● **Problem description**
Please output the following records exactly. Leave every image out.

------------------------------------

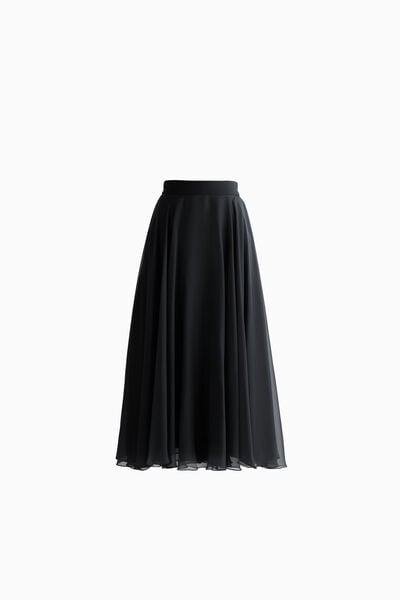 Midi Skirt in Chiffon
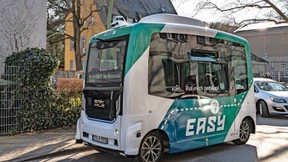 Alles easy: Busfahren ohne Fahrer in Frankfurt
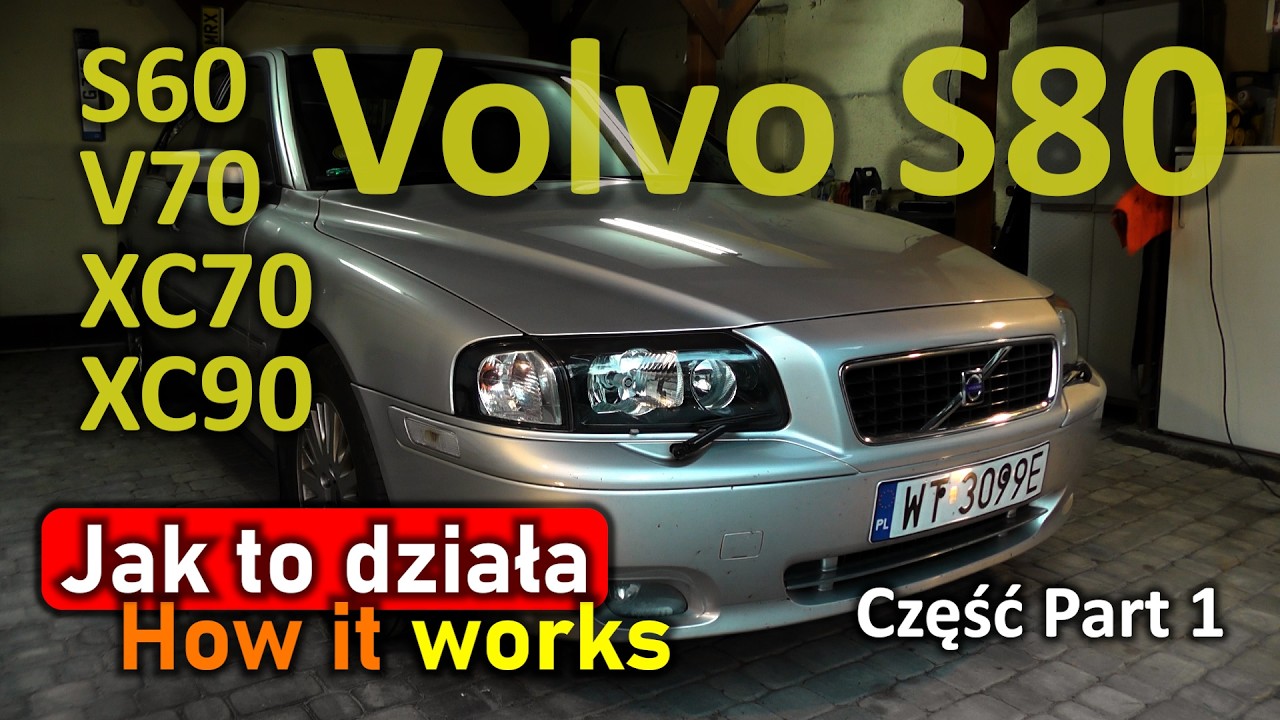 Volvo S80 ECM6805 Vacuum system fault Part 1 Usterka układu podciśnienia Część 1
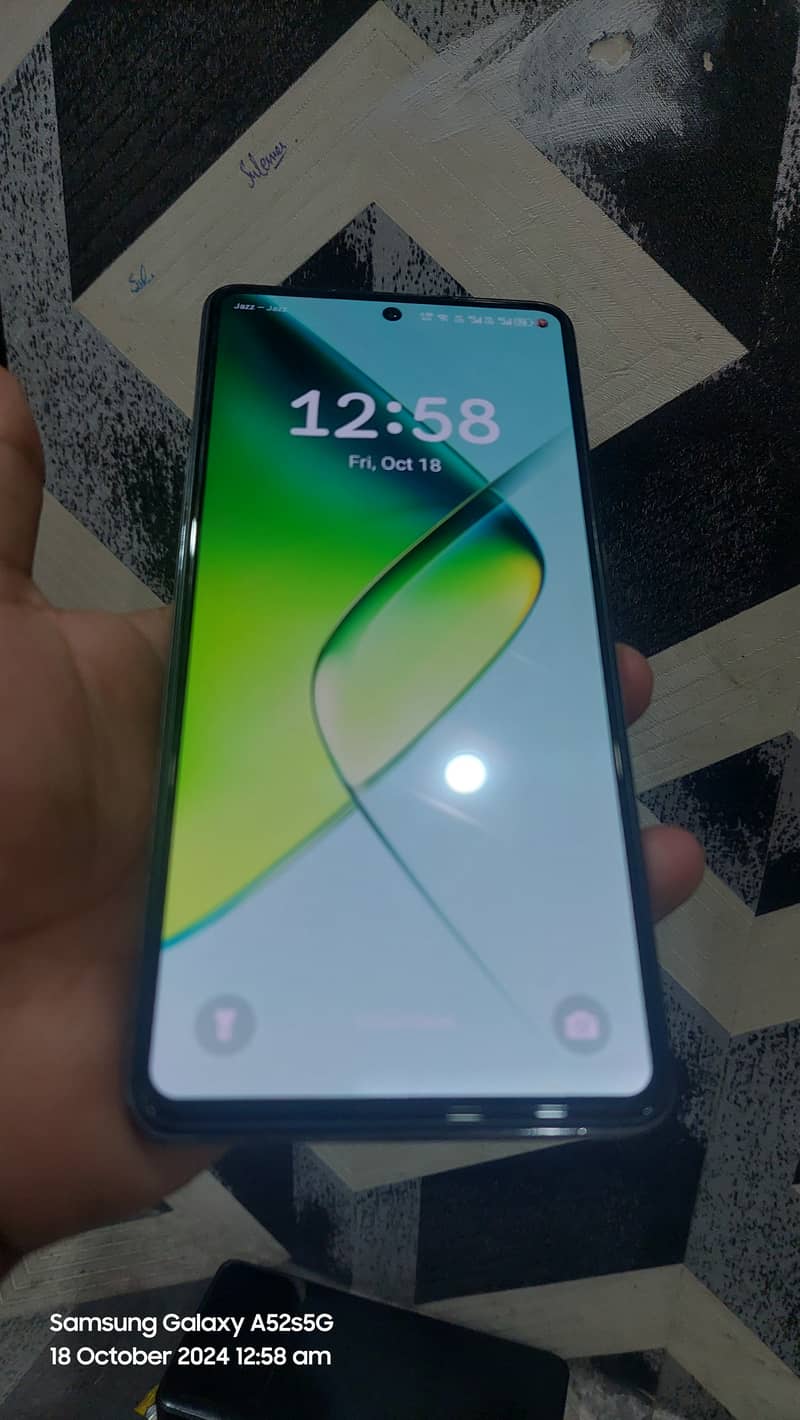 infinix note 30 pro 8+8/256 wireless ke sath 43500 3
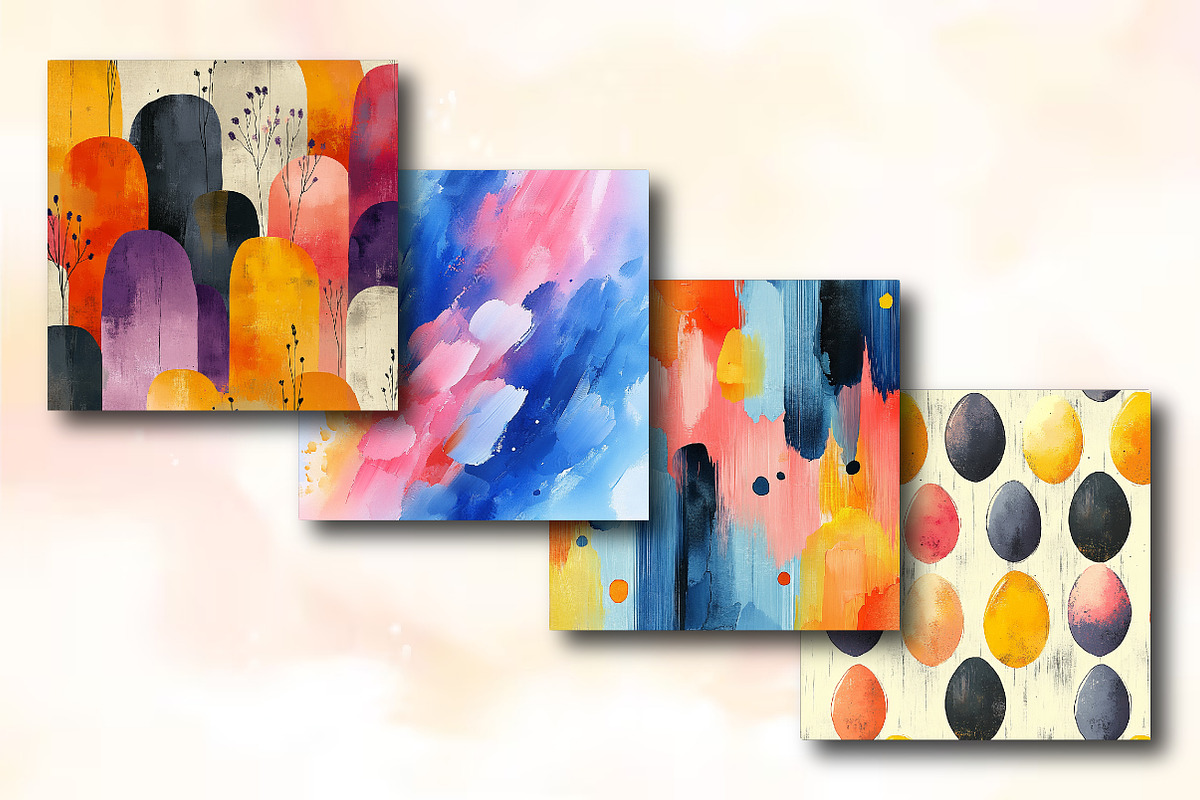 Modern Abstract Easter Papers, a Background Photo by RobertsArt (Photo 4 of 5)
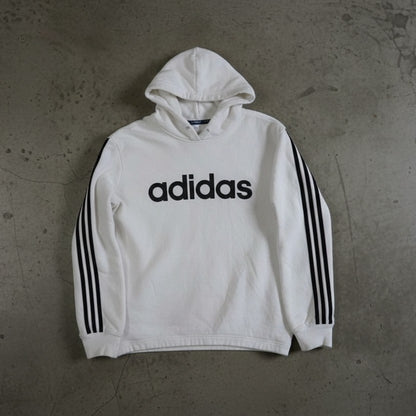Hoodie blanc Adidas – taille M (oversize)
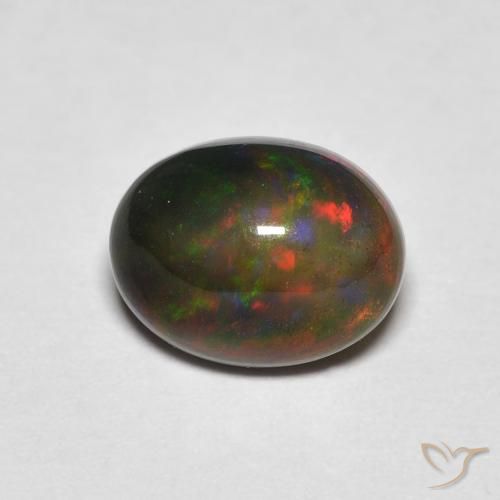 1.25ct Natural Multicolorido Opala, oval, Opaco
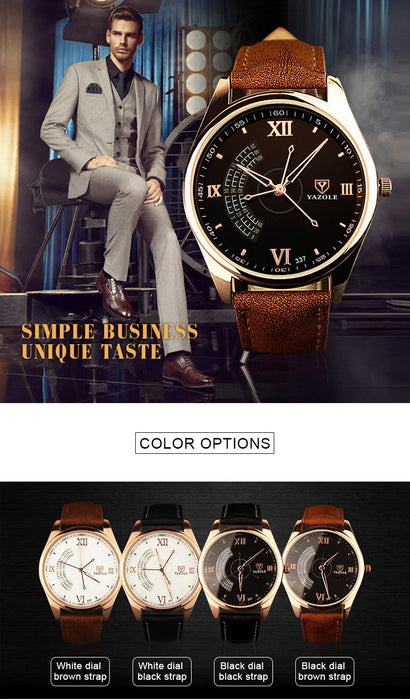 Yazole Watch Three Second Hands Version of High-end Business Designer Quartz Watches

------------------------------------

● **Your solution**
 Midi Skirt in Chiffon
 Alles easy: Busfahren ohne Fahrer in Frankfurt
 Volvo S80 ECM6805 Vacuum system fault Part 1 Usterka układu podciśnienia Część 1
 infinix note 30 pro 8+8/256 wireless ke sath 43500 3
 Modern Abstract Easter Papers, a Background Photo by RobertsArt (Photo 4 of 5)
Hoodie blanc Adidas – taille M (oversize)
 1.25ct Natural Multicolorido Opala, oval, Opaco
 Yazole Watch Three Second Hands Version of High-end Business Designer Quartz Watches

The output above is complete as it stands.